00:07:04.840 Cache Money allows methods like 'find' to seamlessly interact with cached data. For example, when you call 'user.find(ID),' the framework handles whether the data is in the cache or needs to be retrieved from the database without any extra effort from the developer.
00:07:45.999 Upon integrating this caching framework into your application, managing indexed data becomes straightforward. The primary keys are indexed automatically, and you can index additional fields necessary for your application. Moreover, Cache Money diligently monitors your models for any changes—additions, deletions—keeping everything in sync for optimal performance.
00:08:13.520 One limitation of Cache Money is that it does not handle joins, which is crucial for my specific use case concerning 'most popular' rankings. I set about developing a plugin to fill this gap. This plugin allows each model to not only use existing methods but also introduces 'get', 'set', and 'repository' methods to effectively cache entries while still allowing access to the database when necessary.
00:09:07.399 With the 'get' and 'set' methods, developers can specifically manipulate cached values if needed, providing flexibility while keeping everything else abstracted from the caching layer. Each model now comes equipped with these additional methods, ensuring easy management of cached data.
00:09:47.600 The next step was implementation, where I integrated my caching mechanisms with the tracking of user activity. My 'most popular' list tracks views for models, like uploads. I created an additional index to keep activity counts sorted. This new index gets primed upon first access and is maintained every time a viewing occurs for an associated upload.

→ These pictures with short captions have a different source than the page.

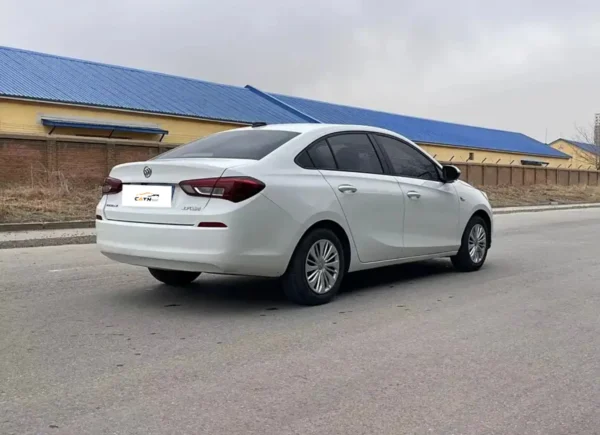 Buick Excelle sağ arka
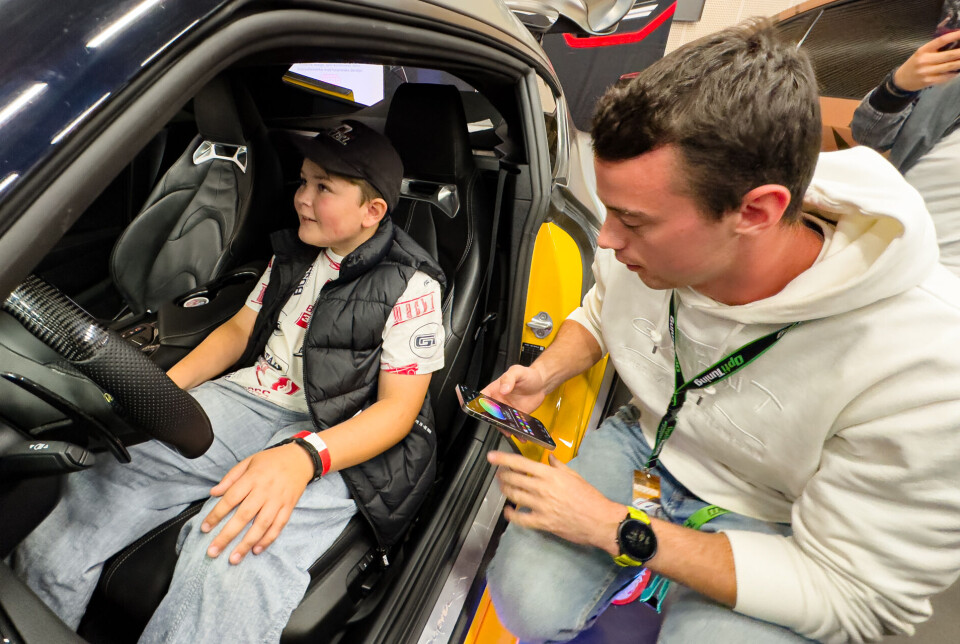 PRØVESITTE: Mathias Haugsgjelten fikk lov til å prøvesitte i Toyota Supraen til Emile Kleven.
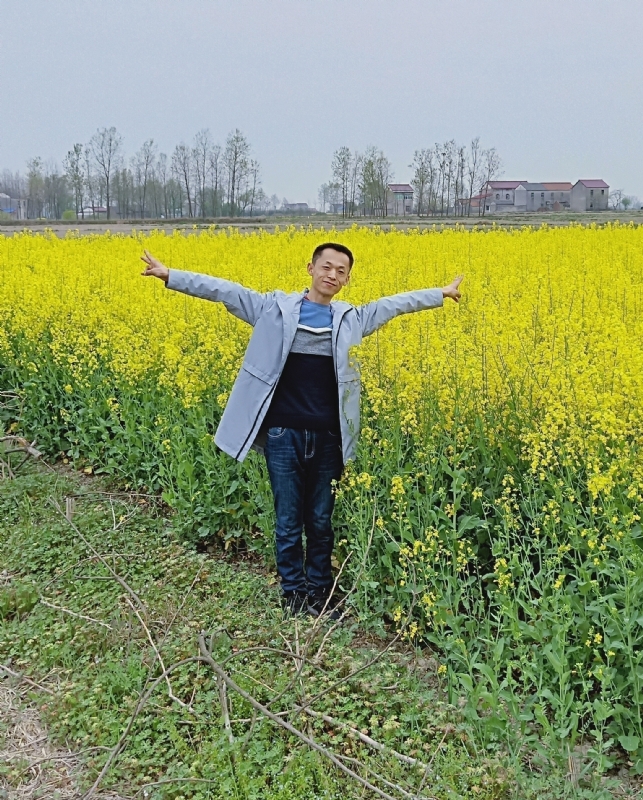 一个真诚的男士的第一张照片--乌鲁木齐闪婚服务中心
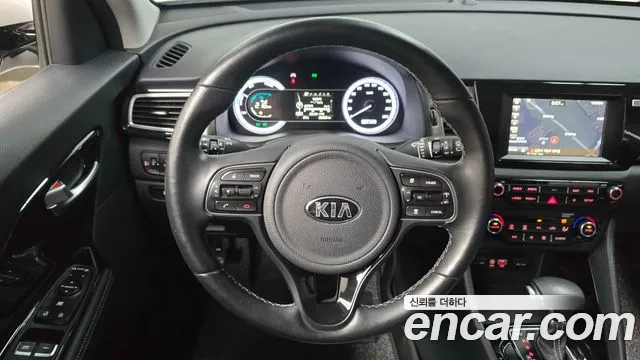 Kia Niro 2018 Белый из Кореи, фото 4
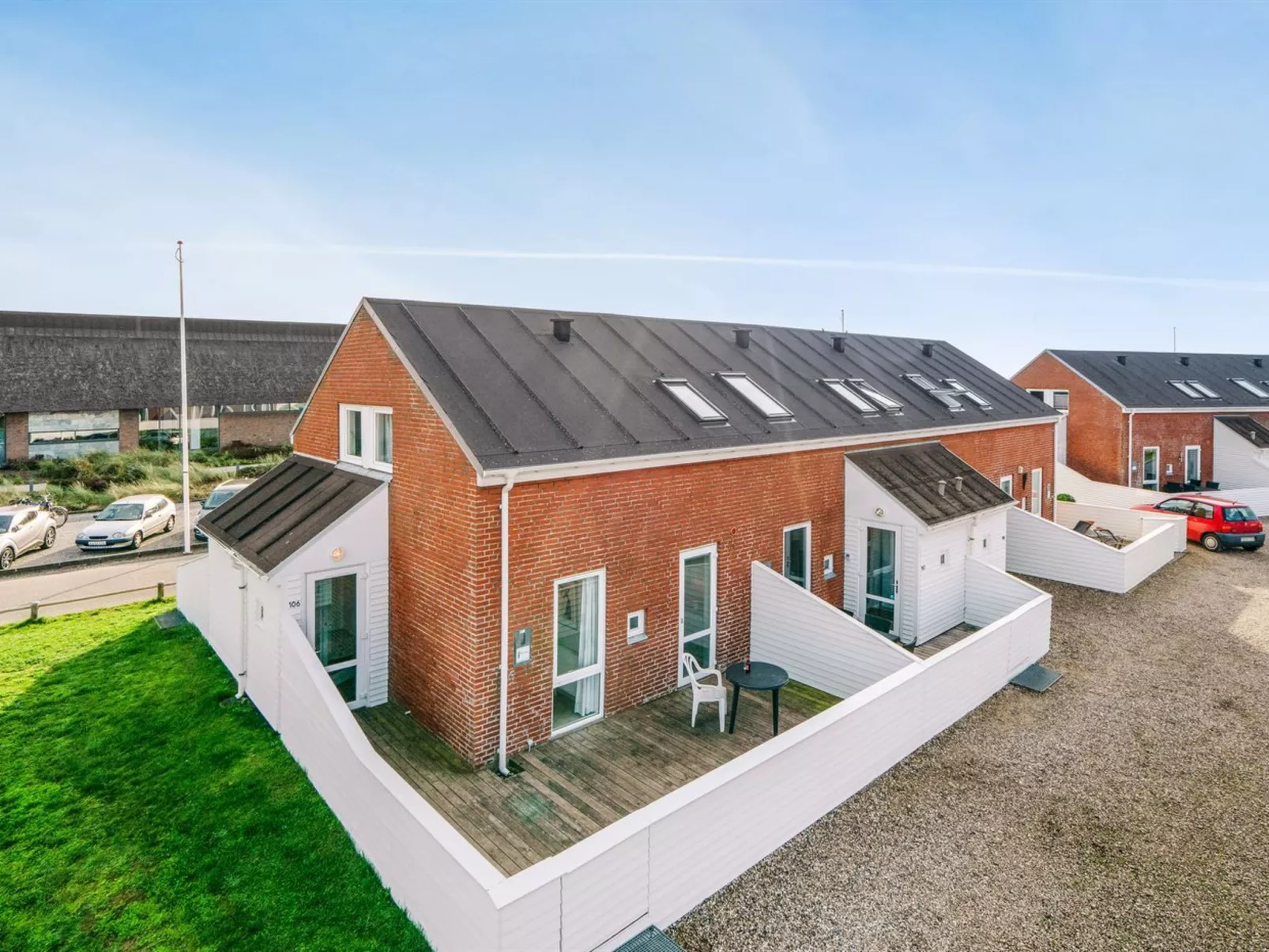 "Ginger" - 2.3km from the sea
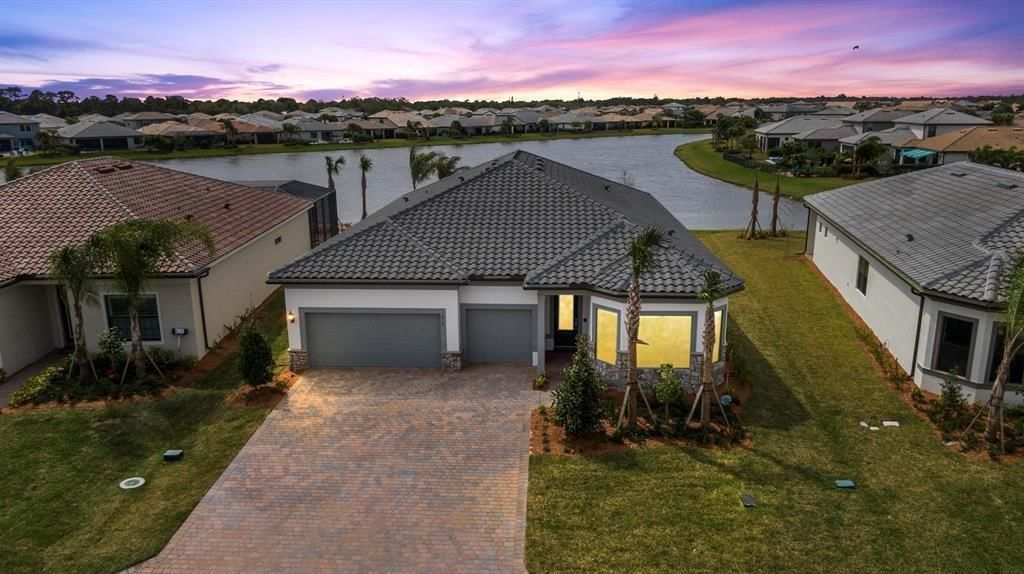 818 SE COURANCES Drive, Port St Lucie, FL 34984 photo 3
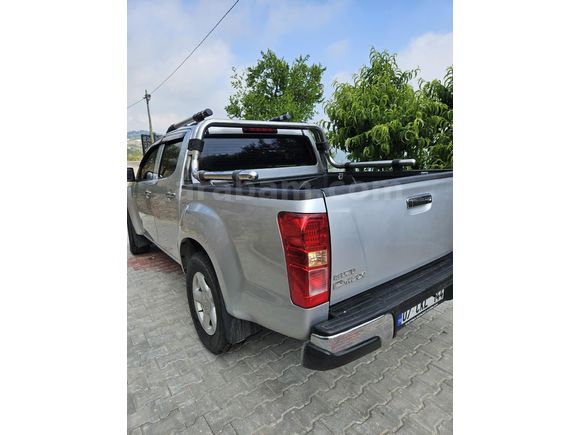 Sahibinden Isuzu D-Max 2.5 4x4 V-Cross 2014 Model Antalya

00:10:34.800 So when uploaded content is viewed, I ensure that this viewing count is updated appropriately. The plugin requires you to specify the class being monitored, set limitations (for instance, you typically wouldn’t want a list with 500 entries), and you also provide attributes to help prime the cache effectively.
00:12:07.000 When you run a query using these attributes, the resultant objects will have access to necessary metrics like activity counts. You can retrieve these counts efficiently and from there, manage each entry in your 'most popular' list simply by calling 'upload.most_popular', which is the class method defined in the plugin.
00:12:57.000 This process is smooth and will work beautifully in practice. The slides will be shared publicly and the plugin will be available on GitHub soon. That brings me to the conclusion of my talk.
00:13:40.000 I am Wolfram Arnold from Ruby Focus. We are a small consulting firm specializing in Ruby and Rails. If you're interested in scalability or want to discuss best practices for Rails, please come and find me. If you're hiring or looking for a job in Rails, I'm also available for that. Thank you so much for your attention. Are there any more questions?